La dernière fois que j’ai vu Jean-Jacques, c’était deux semaines avant son arrestation. Il organisait une conférence avec l’Institut Egmont à l’AfricaMuseum. Ensuite, il est reparti au Congo. Je m’insurge contre l’absence d’indignation de l’opinion publique belge à l’égard de son procès. Qui se préoccupe de la présence d’un Belge dans une prison congolaise ? Où sont les interviews dans les médias et les actions des organisations de défense des droits de l’homme comme Amnesty et 11.11.11 ?

Je me demande s’il y aurait plus d’attention si Jean-Jacques était un homme blanc, comme Olivier Vandecasteele, pour lequel la Belgique a, à juste titre, remué ciel et terre pour le faire sortir d’Iran. Sur le papier, les Belges noirs ont les mêmes droits que les Belges blancs. Par exemple, ils ont droit à une protection consulaire en cas d’arrestation, de détention ou de maladie.
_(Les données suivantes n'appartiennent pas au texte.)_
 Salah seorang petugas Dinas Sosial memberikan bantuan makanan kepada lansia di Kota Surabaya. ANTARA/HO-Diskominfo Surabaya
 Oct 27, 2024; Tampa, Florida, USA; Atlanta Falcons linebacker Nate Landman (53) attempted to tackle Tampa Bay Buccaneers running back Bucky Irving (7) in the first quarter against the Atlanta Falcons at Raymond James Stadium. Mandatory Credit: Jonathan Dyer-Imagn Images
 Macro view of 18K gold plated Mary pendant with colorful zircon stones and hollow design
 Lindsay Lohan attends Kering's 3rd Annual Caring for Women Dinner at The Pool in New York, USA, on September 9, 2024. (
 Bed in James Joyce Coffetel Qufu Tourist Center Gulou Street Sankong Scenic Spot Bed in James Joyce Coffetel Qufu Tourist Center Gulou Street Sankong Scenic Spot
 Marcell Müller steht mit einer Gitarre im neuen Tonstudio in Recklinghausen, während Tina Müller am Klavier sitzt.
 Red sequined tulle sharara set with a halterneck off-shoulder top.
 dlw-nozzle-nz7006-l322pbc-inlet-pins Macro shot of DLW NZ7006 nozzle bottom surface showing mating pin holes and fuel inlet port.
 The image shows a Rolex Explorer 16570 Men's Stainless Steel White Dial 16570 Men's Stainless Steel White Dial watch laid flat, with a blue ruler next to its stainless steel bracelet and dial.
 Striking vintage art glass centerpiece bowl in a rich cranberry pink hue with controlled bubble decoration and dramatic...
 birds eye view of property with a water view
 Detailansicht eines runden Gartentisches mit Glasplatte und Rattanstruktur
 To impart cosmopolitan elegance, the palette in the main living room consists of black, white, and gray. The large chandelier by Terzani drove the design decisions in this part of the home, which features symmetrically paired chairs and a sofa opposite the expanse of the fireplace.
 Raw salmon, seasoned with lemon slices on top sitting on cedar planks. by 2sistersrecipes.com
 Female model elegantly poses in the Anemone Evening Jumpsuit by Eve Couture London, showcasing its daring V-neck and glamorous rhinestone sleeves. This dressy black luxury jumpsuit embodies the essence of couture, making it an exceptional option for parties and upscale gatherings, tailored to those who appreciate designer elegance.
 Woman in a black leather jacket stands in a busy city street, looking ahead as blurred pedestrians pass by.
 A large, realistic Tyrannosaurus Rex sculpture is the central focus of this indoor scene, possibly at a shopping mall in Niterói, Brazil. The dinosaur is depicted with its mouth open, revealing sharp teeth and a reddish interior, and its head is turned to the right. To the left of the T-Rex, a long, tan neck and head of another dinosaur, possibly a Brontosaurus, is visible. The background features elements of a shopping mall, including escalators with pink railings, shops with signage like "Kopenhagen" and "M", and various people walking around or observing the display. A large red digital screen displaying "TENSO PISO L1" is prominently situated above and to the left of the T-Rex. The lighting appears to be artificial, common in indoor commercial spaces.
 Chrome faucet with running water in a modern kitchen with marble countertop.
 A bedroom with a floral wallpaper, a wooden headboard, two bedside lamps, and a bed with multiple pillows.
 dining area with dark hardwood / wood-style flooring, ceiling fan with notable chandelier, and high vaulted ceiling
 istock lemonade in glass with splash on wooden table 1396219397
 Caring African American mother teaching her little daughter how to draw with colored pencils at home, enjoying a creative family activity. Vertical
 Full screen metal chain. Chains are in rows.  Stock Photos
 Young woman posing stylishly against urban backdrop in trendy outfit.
Le ministère des Affaires étrangères affirme suivre la situation de très près par l’intermédiaire de l’ambassade de Belgique à Kinshasa. Que signifie concrètement ce langage diplomatique ? Selon l’avocat, il n’y a pas de charges sérieuses. La défense demande une mise en liberté provisoire pour des raisons de santé.

Dans un État de droit, on attend le verdict du tribunal. Malheureusement, le Congo n’est pas un État de droit. La diplomatie belge le sait, mais ne veut peut-être pas donner l’impression de s’immiscer dans les affaires congolaises. Cependant, rien n’empêche le Premier ministre démissionnaire Alexander De Croo de contacter le président Félix Tshisekedi en concertation avec les ministres des Affaires étrangères et de la Justice et même l’ambassadrice dans l’intérêt de la protection d’un compatriote belge.

Une visite consulaire de la prison et une présence au procès ne suffiront pas. Jean-Jacques, diabétique et hypertendu, vit depuis un mois dans des conditions indignes.

Jean-Jacques a droit à un procès équitable. Il a droit à des conditions de détention décentes, à des médicaments, à une alimentation adéquate et à des contacts familiaux.

Certains interpréteront cette tribune comme un soutien à une attaque armée ou comme un appel contre la souveraineté du Congo. Je prends un risque en m’exprimant sur ce dossier délicat. C’est le moins que je puisse faire. Dans les moments difficiles, on apprend à connaître ses amis.

Derrière ce dossier, une famille en Belgique tente de rester forte. Sa femme, ses enfants et ses amis espèrent qu’il sera bientôt libéré. J’espère qu’il ne se brisera pas mentalement et physiquement.

Compte tenu de la gravité de la situation, la Belgique a le devoir de faire pression sur les autorités congolaises pour faire valoir les droits de Jean Jacques WONDO. Si son emprisonnement se termine mal, la responsabilité en incombera non seulement au Congo mais aussi à la diplomatie belge. Notre pays ne doit pas attendre une éventuelle condamnation pour s’indigner publiquement. La Belgique doit agir maintenant.